Missouri Code of State Regulations
Title 9 - DEPARTMENT OF MENTAL HEALTH
Division 30 - Certification Standards
Chapter 4 - Mental Health Programs
Section 9 CSR 30-4.035 - Eligibility Criteria and Admission Criteria for Community Psychiatric Rehabilitation Programs
Current through Register Vol. 49, No. 18, September 16, 2024
PURPOSE: This amendment defines physician extender, corrects terminology, removes the face-to-face requirement for consultation, adds a requirement for completion of consent to treatment by the individual served, removes the requirement for the individual's signature on the treatment plan, and adds a requirement for professionals' signature to include the date.
(1) Each organization that is certified or deemed certified as a CPR program by the department shall comply with requirements set forth in Department of Mental Health Core Rules for Psychiatric and Substance Use Disorder Treatment Programs, 9 CSR 10-7.030 Service Delivery Process and Documentation.
(2) Eligibility Determination. Eligibility determination may be completed to expedite the admission process and requires confirmation of an eligible diagnosis as evidenced by a signature from a licensed diagnostician or a physician/physician extender. Physician extender includes a licensed assistant physician, physician assistant, psychiatric resident, psychiatric pharmacist, and APRN. The licensed diagnostician or physician/physician extender is accountable for the stated diagnosis.
(3) Consent to Treatment. Each individual served or a parent/guardian must provide informed, written consent to treatment.
(4) Initial Comprehensive Assessment. A comprehensive assessment must be completed within thirty (30) days of eligibility determination or date of admission if eligibility determination was not completed.
(5) Annual Assessment. An annual assessment must be completed for individuals engaged in CPR services.
(6) Initial Treatment Plan. An individual treatment plan must be developed within forty-five (45) days of completion of eligibility determination or date of admission to CPR if eligibility determination was not completed.

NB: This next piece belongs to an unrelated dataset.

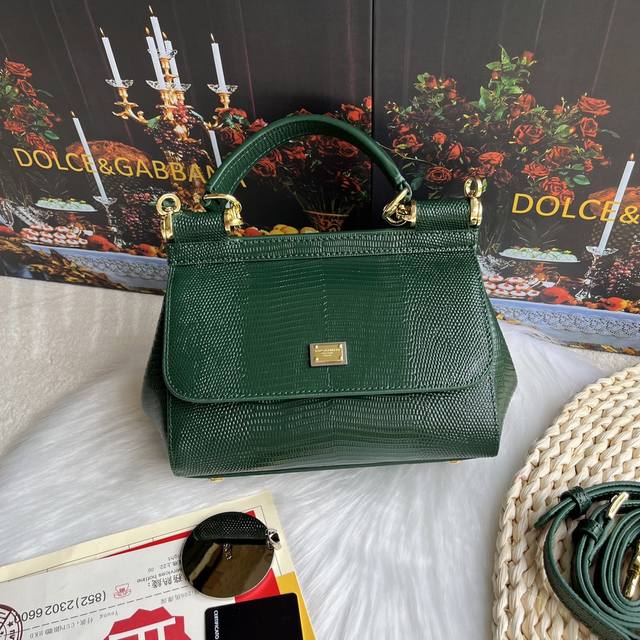 Dolce & Gabbana 杜嘉班纳 款号：4660蜥蜴钻原单 完美袋形 进口头层蜥蜴纹牛皮，定制真空高电镀五金 百搭款包型 手提斜挎都适合任何场合 华丽足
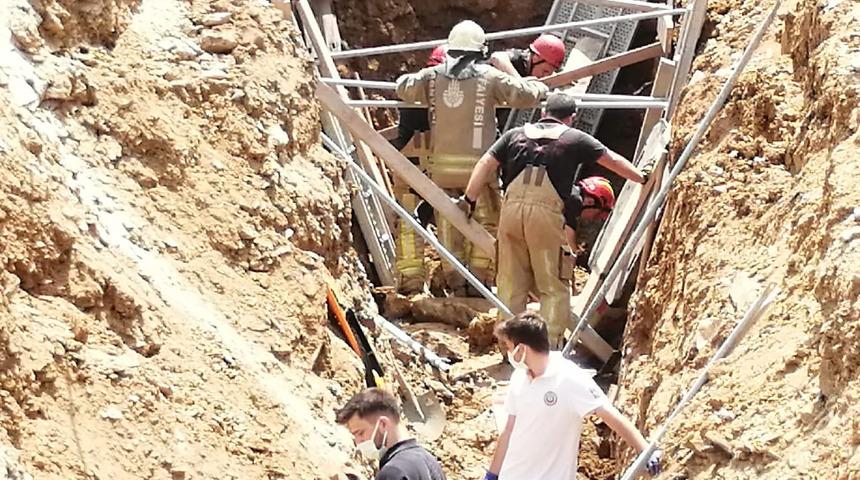 Başakşehir'deki inşaatta göçük! Toprak altında kalan işçi hayatını kaybetti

(7) Treatment Plan Review. If a functional assessment is not completed, the treatment plan must be reviewed with each individual every ninety (90) days to assess the continued need for services and progress achieved during the past ninety (90) days.
(8) Annual Treatment Plan. Treatment plans must be updated annually for individuals engaged in CPR services to reflect current goals, needs, and progress in treatment.
(9) Functional Assessment. A department-approved functional assessment must be completed for individuals whose diagnosis requires a functional score to support admission, and if required by the department as part of the initial comprehensive assessment. The functional assessment shall be updated in accordance with the timeframes established by the department to assess current level of functioning, progress toward treatment objectives, and appropriateness of continued services. The treatment plan shall be revised to incorporate the results of the initial functional assessment and subsequent updates.
(10) Crisis Prevention Plan. If a potential risk for suicide, violence, or other at-risk behavior is identified during the assessment process, and any time during the individual's time in services, a crisis prevention plan shall be developed with the individual.
(11) Discharge. When individuals are discharged from CPR services, a discharge summary must be prepared and entered in the individual record in accordance with 9 CSR 10-7.030.
(12) Data. The CPR program shall provide data to the department, upon request, regarding characteristics of individuals served, services, costs, or other information in a format specified by the department.
(13) Availability of Records. All documentation must be made available to department staff and other authorized representatives for review/audit purposes at the site where the service(s) was rendered. Documentation must be legible and made contemporaneously with the delivery of the service (at the time the service was provided or within five (5) business days of the time it was provided), and address individual specifics including, at a minimum, individualized statements that support the assessment or treatment encounter.
*Original authority; 630.655, RSMo 1980.